Wine is as old as civilization itself. The earliest archeological evidence of the enduring libation dates back to 7,000 B.C. China. As the centuries passed, ingenious craftsmen worked out how to store it.
Just five years ago, in 2013, researchers uncovered one of the oldest known examples of a wine cellar, circa 1,700 B.C., in the ancient Canaanite city of Tel Kabri in northern Israel.
Much has changed thousands of years later, but man’s passion for the Dionysian drink has only grown and evolved, as has our ability to store and display the vast collections of bottles, limited only by temporal and geographical boundaries.
For nearly 20 years, Joe Kline and his partner Curt Dahl of Joseph & Curtis Custom Wine Cellars have been improving this lineage with game-changing innovations and a relentless dedication to their craft.

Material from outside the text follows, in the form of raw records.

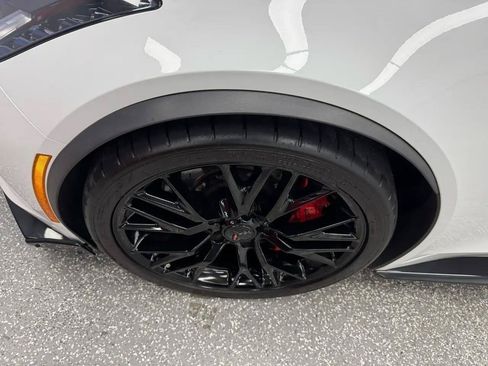 Used 2016 Chevrolet Corvette Z06 w/ 2LZ Preferred Equipment Group RWD image 28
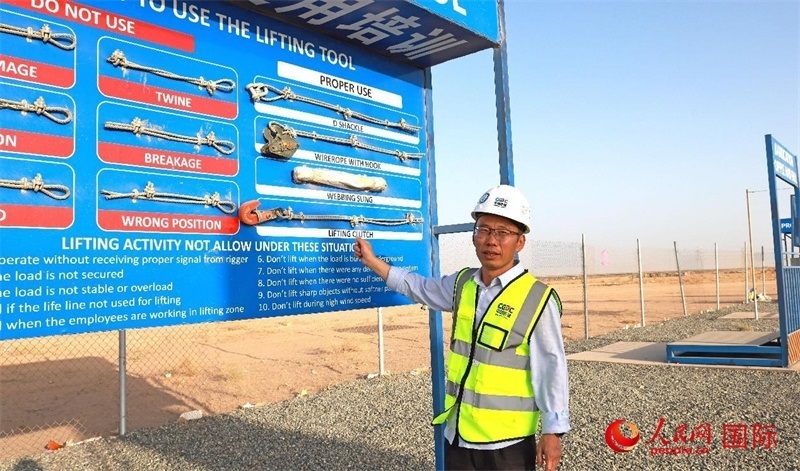 中國能建國際工程公司副總經(jīng)理兼阿爾舒巴赫電站項目經(jīng)理熊高峽展示安全培訓(xùn)中心設(shè)施。人民網(wǎng)記者 管克江攝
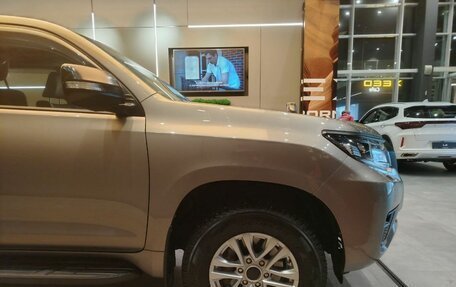 Toyota Land Cruiser Prado 150 рестайлинг 2, 2022 год, 6 399 000 рублей, 8 фотография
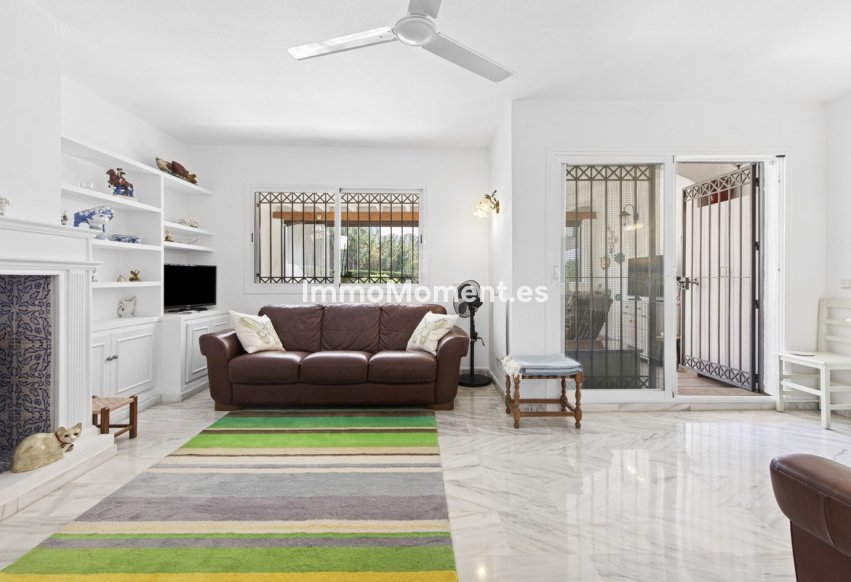 Bestaande woning - Rijtjeshuis - Estepona  - Estepona Centro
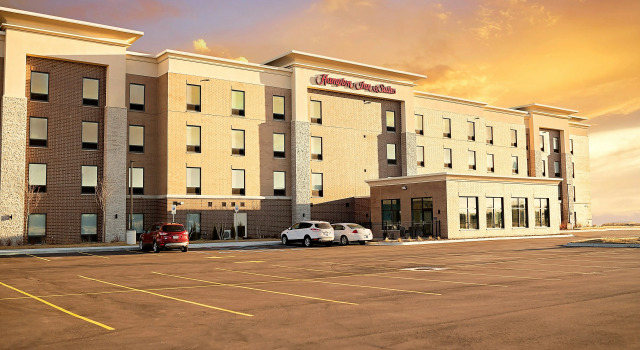Hampton Inn & Suites Dundee, Varaa Hotelli Dundee Michigan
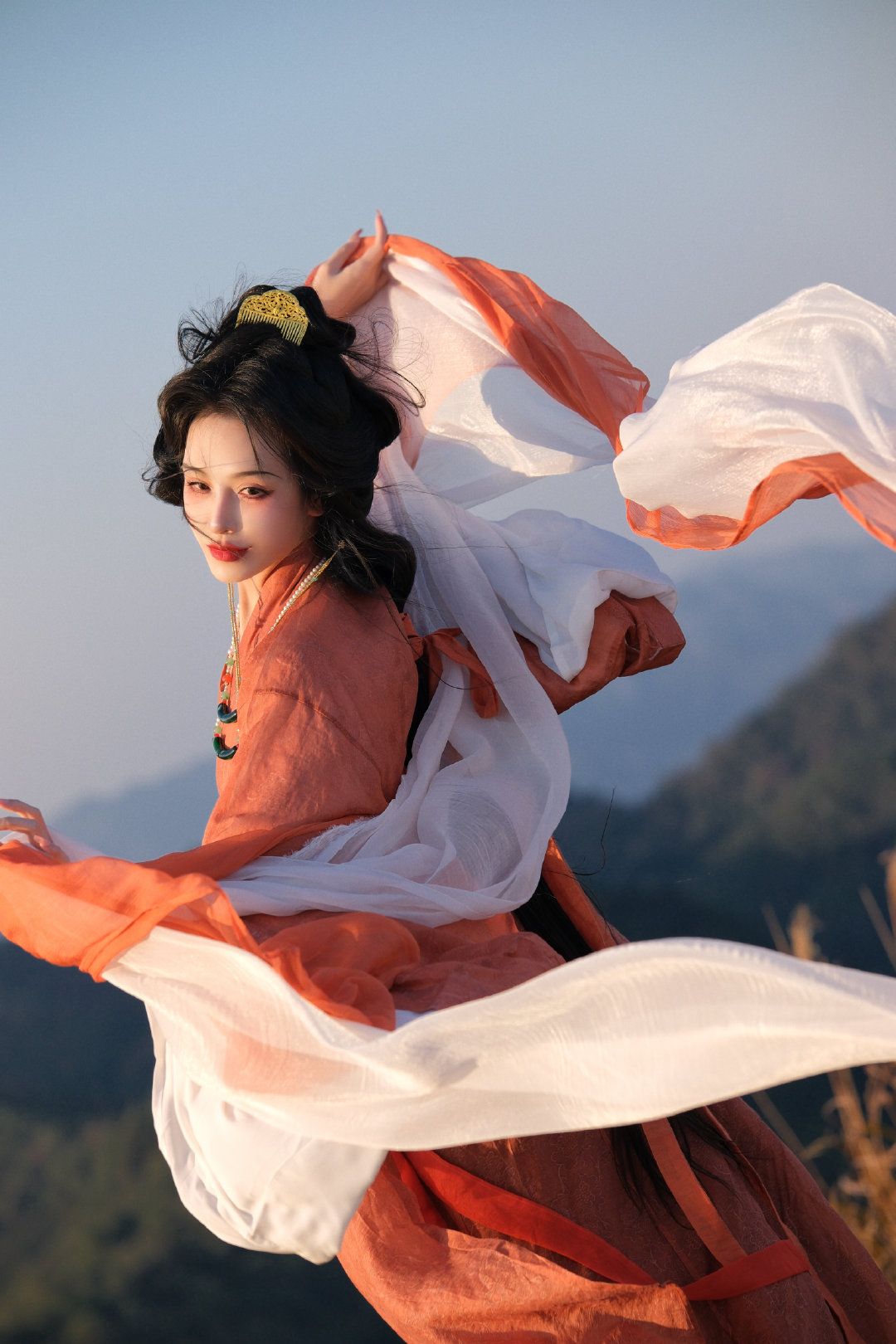 Ming Dynasty Hanfu Headdress:A Glimpse into the Splendor of Traditional Chinese Hair Accessories Ming Dynasty Hanfu Headdress:A Glimpse into the Splendor of Traditional Chinese Hair Accessories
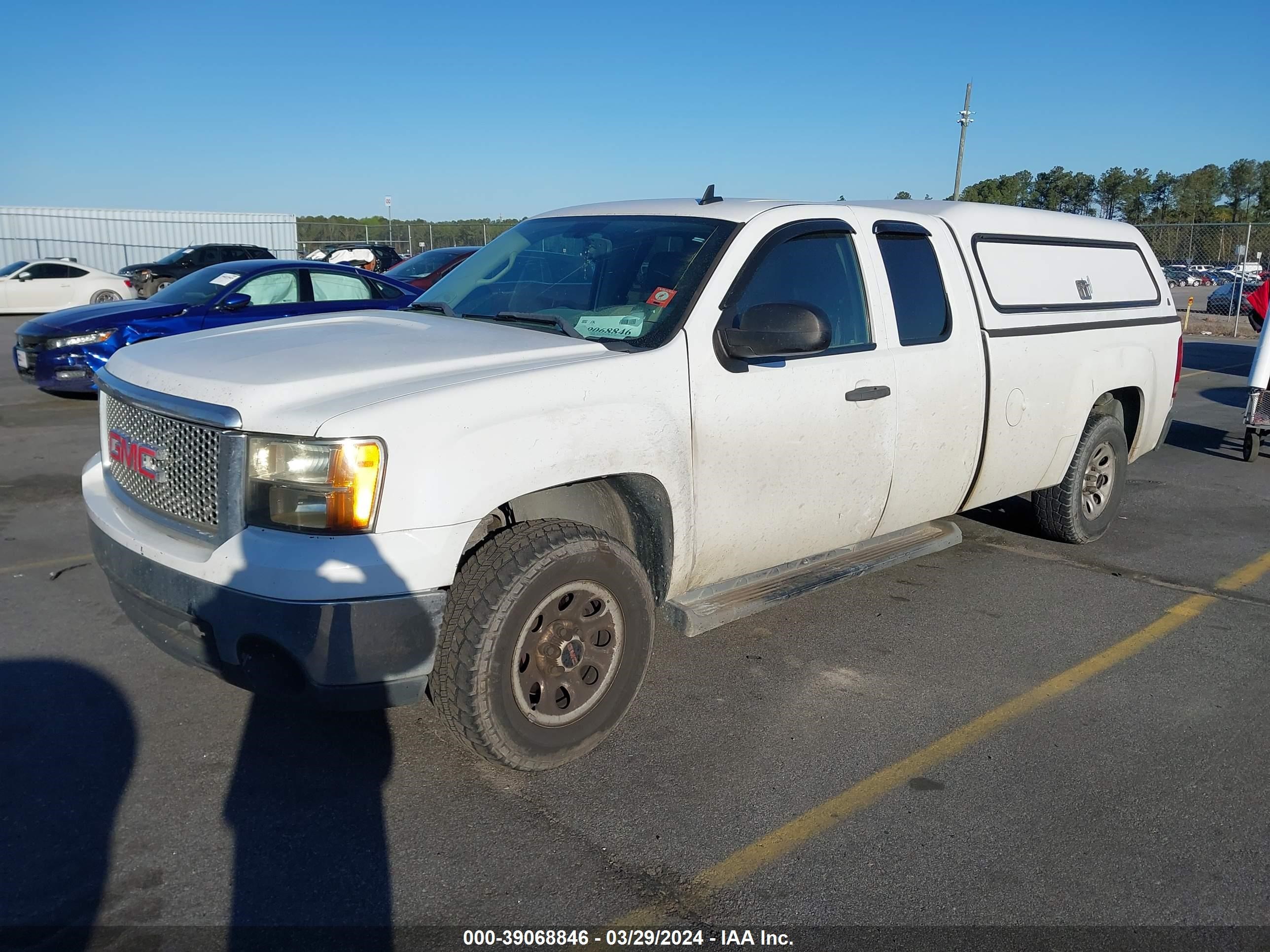 Photo 1 VIN: 1GTEC19J29E146656 - GMC SIERRA 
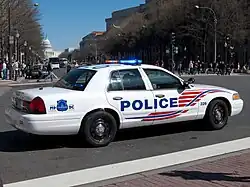 US-amerikanisches Polizei-Einsatzfahrzeug (in Washington, D.C.)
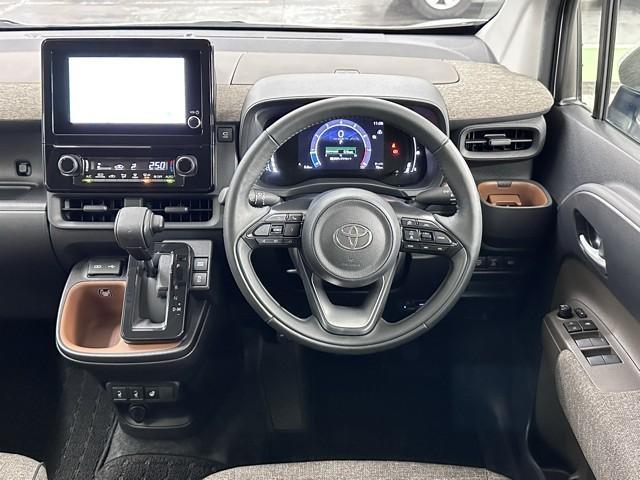 シエンタ Ｚ　衝突被害軽減ブレーキ　車検整備付　３６０度カメラ　ＢＴ接続　１オナ　Ｗ電動ドア　ＴＶ　イモビ　クルーズＣ　シートヒータ　ＬＥＤヘッドランプ　Ｓキー　横滑り防止機能　パワーウィンドウ　ＥＴＣ２．０（8枚目）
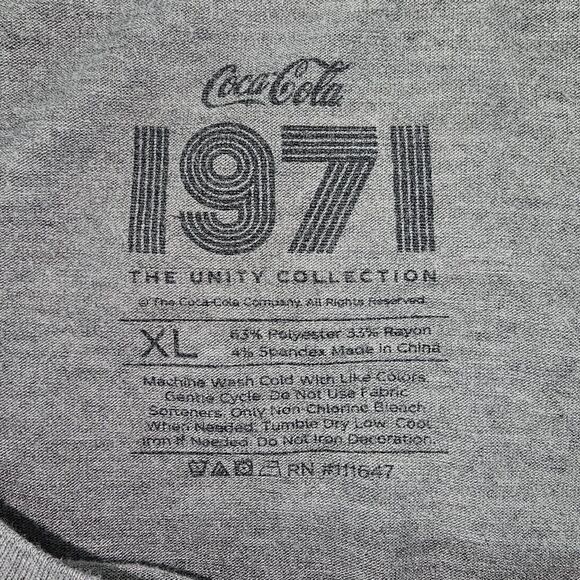 Coca-Cola Unity Collection Maurice's 1971 Vintage Flag Graphic Gray Soft Blend - Picture 10 of 13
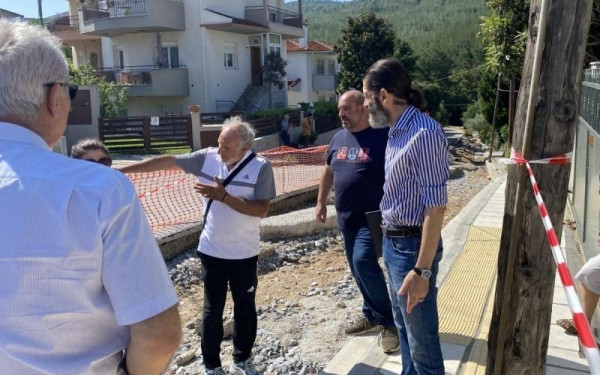 Ρετζίκι: Αυτοψία από εξειδικευμένο κλιμάκιο του δήμου Νεάπολης-Συκεών στον δρόμο που βούλιαξε από τη βροχή (φωτ.)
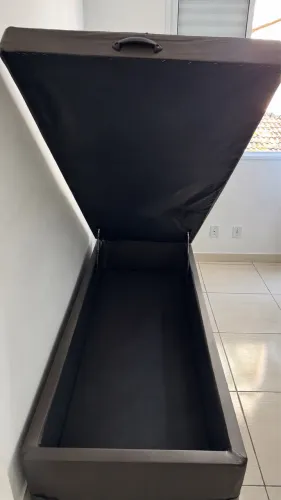 Cama solteiro baú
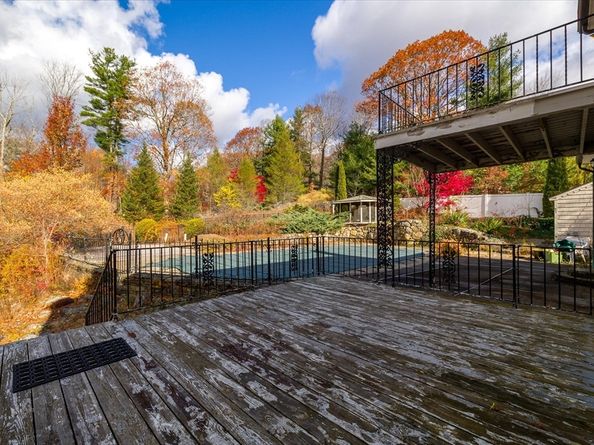 45 Camp St, Paxton MA 01612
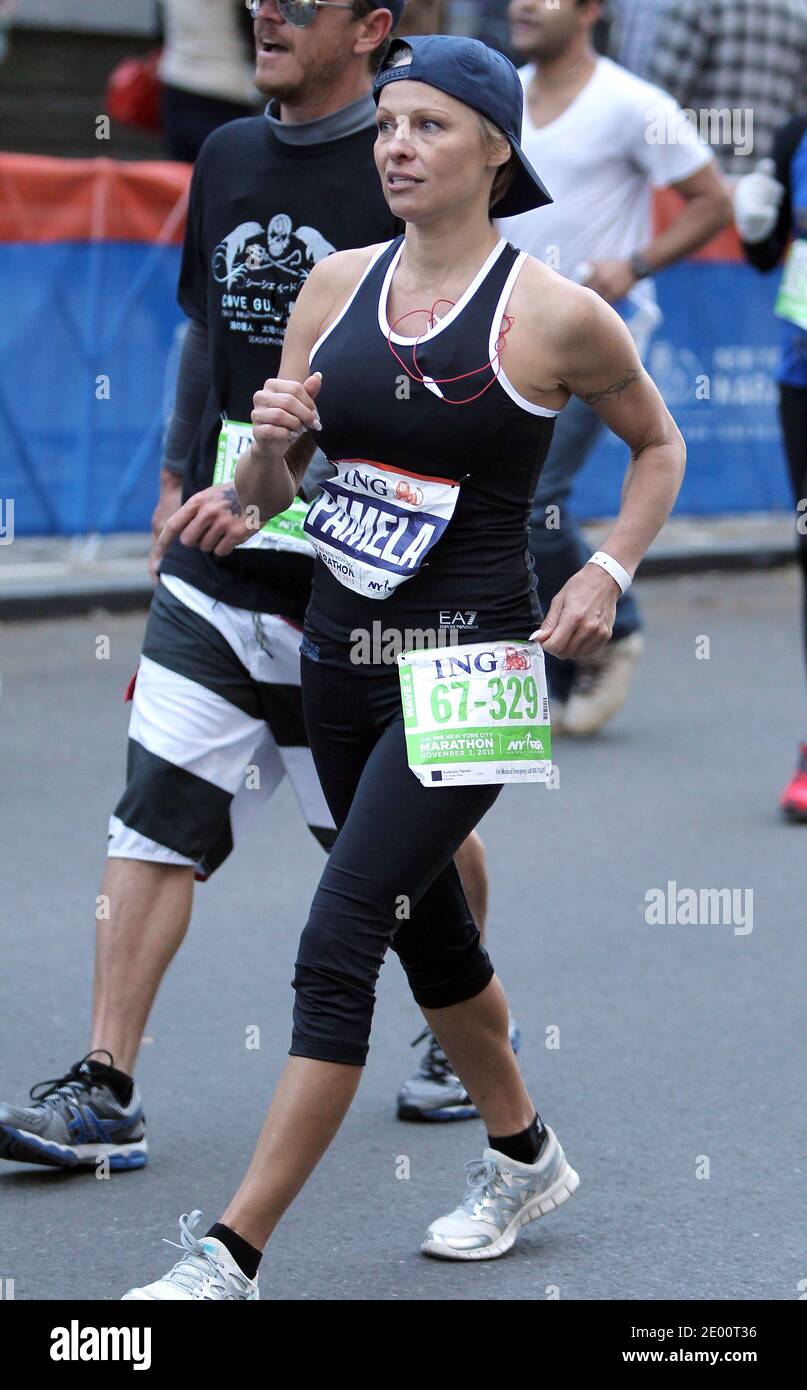 US actress Pamela Anderson is running with her brother Gerry The 2013(02)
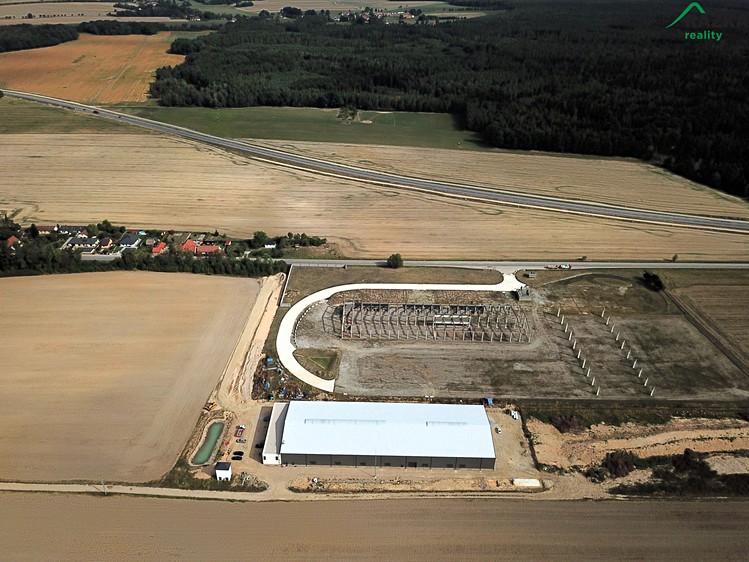 Pronájem komerčního prostoru, 4 640 m² (21 z 27)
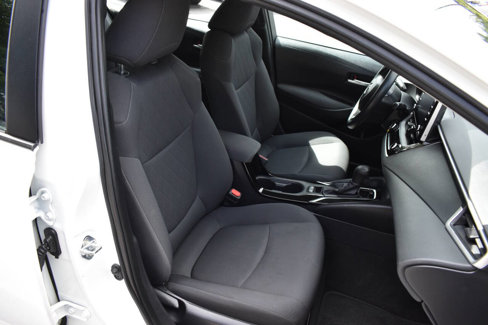 Used 2021 Toyota Corolla LE image 19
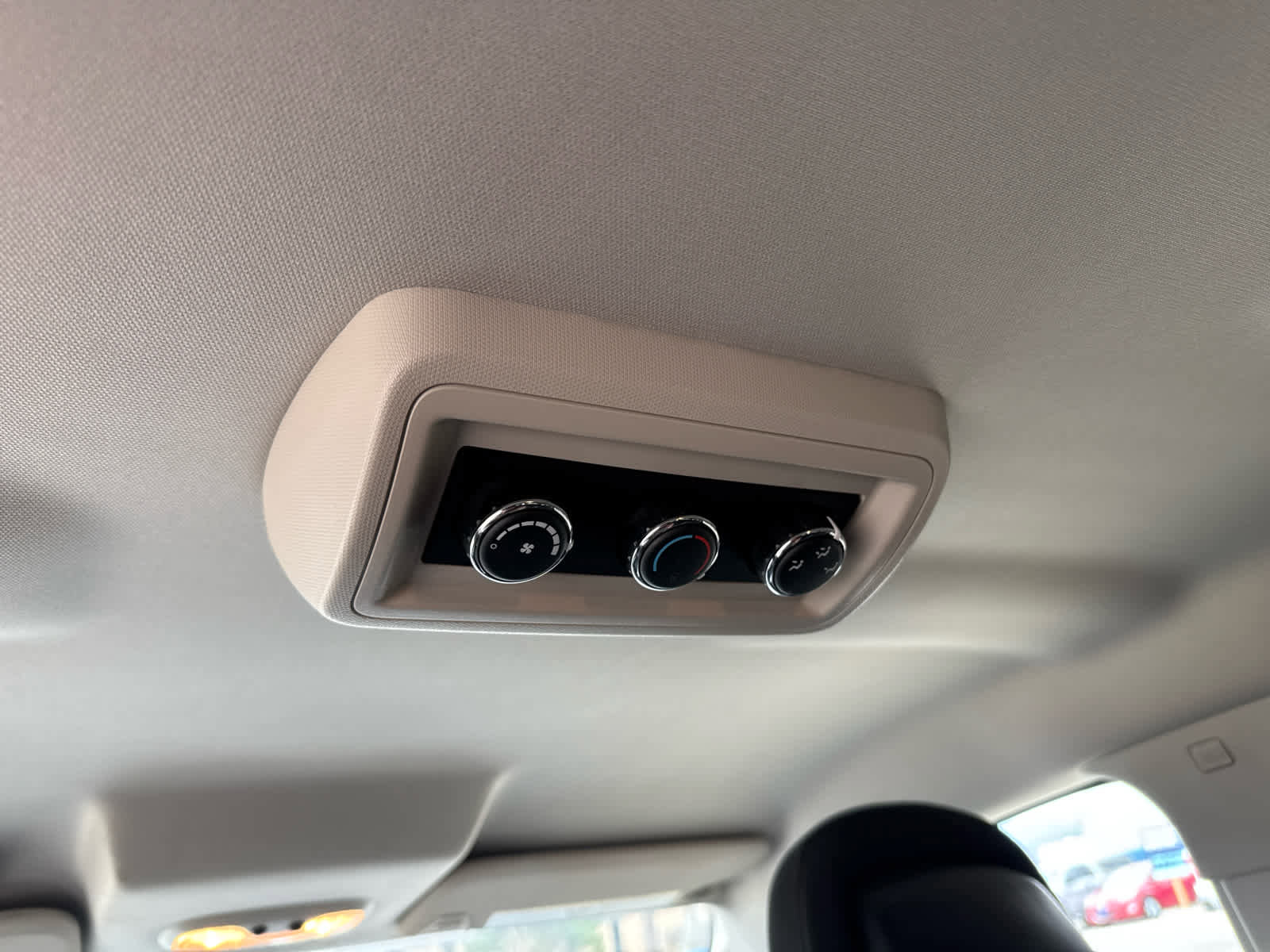 Used 2019 Dodge Journey SE image 30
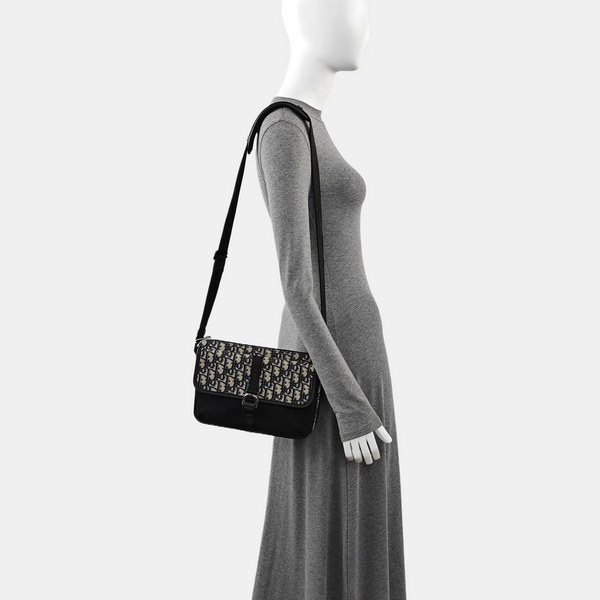 Oblique Canvas Shoulder Bag Black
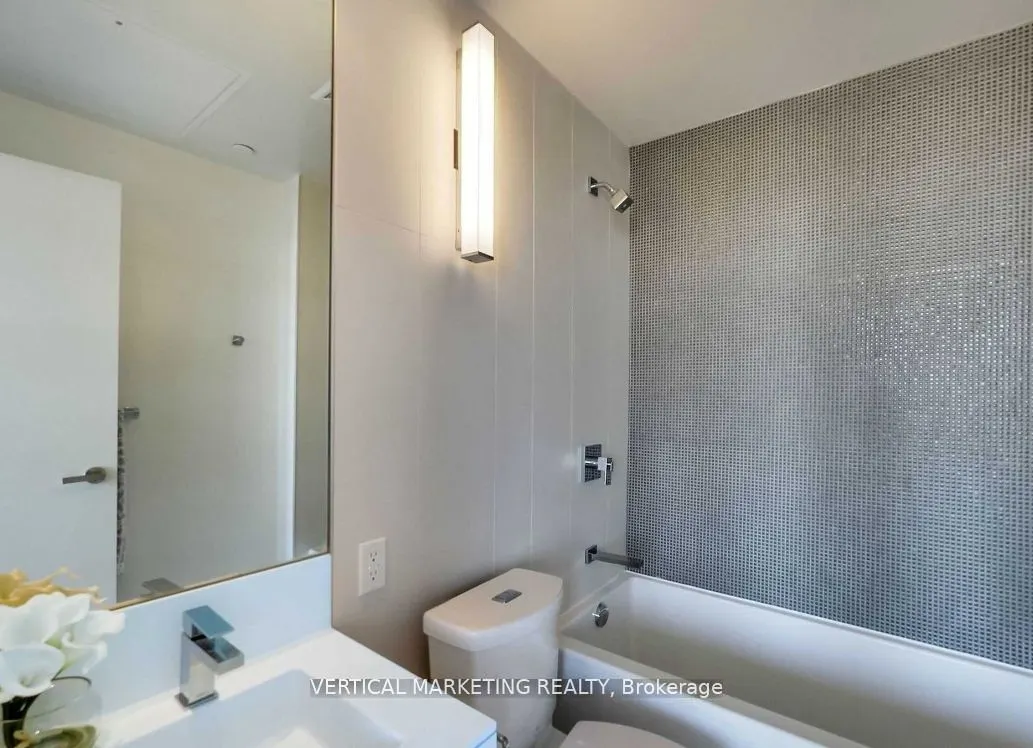 125 Peter Street, #3302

Found in homes and businesses throughout the East End, their wine cellars run the gamut from traditional to ultra-modern, with an array of unique materials rarely found elsewhere.
But like all great things, Joseph & Curtis started small.
“It was just the equivalent of a hobby for me,” Kline says, noting that he made furniture in his spare time when he wasn’t working as a trader for Dahl’s NYC firm in the late 1990s. After the two forged a friendship and began dining together with their spouses, he showed Dahl a custom wine rack he made for his wife using wood and copper rods.
It was like nothing Dahl had ever seen and, once Kline convinced him he actually made it, the future partners realized they could combine Kline’s designs with Dahl’s business savvy and begin selling custom wine racks to other wine enthusiasts. “Little by little, we started getting people responding to them,” Kline says. “It was as much a piece of art as it was wine storage.”
Some two decades later, the merging of art and utility still defines Joseph & Curtis, though the business has expanded from elegant racks to massive, climate-controlled cellars housing thousands of bottles for some of the country’s wealthiest and most discerning collectors.
“Just about any style you can imagine, we’ve designed and built,” Kline says, pointing out that today both he and Dahl design cellars for Joseph & Curtis. “We both wear a lot of hats.”
Once the racks were selling briskly, customers began asking them to create entire rooms featuring their unique aesthetic. “It was a learning curve,” Kline confirms, but they teamed up with an experienced “old-time refrigeration guy,” who’s since retired, to learn climate control techniques, and they’ve never looked back.
At the end of the day, these are trophy rooms,” Kline says, explaining that while they do all sorts of projects, Joseph & Curtis is known for designing and building wine cellars that go far beyond simple function. “High-design cabinets are very much a focal point,” he adds. “It’s as much a statement as it is anything else.”
Whether they’re building wine features for top-tier restaurants or small private cabinets, Kline and Dahl’s clients ask to be wowed. They regularly incorporate materials rarely seen in even some of the finest cellars and cabinets. “They want something no one else has,” Kline says.
As a result, the duo use steel with various hand-applied patinas, dramatic LED lighting to create glowing panels of glass and acrylic, and unusual hardwoods, such as Australian jarrah and African wenge or binga.
“We use a lot of exotics,” Kline says.
He recalls a recent job where the customer asked for “the Rembrandt or Picasso of wine cellars” installed in his Fifth Avenue apartment. Kline and Dahl put together a stunning three-panel room between two walls of black stone and two walls of glass. Things became complicated when the client asked for one glass wall to be seamless, which proved difficult, considering the glass wouldn’t fit inside the building’s elevators or stairwells.
Joseph & Curtis ended up renting a crane and working with the city to get permits to hoist the solid, tempered glass panel into the building, at no small expense to the customer. “They had to close part of 5th Avenue,” Kline says, but the final product was magnificent. Lit from above by LEDs, “the whole panel glows,” he adds proudly.
“There’s every type of customer,” Kline says, pointing out that Joseph & Curtis work with interior designers and homeowners with very specific ideas, while others tell them to take charge, only requesting that Kline and Dahl do something amazing.
Both men are constantly working on new designs and breakthroughs, from “stupid little hand drawings on a napkin” to realistically rendered 3-D isometric drawings on their proprietary software.
And no matter how big the business gets, “Curt and I still go to these houses and meet these people,” Kline says. “We’re extremely hands-on.”
Of course, the job doesn’t end once the cellar is built. Joseph & Curtis also offer management consulting services for the collections within them.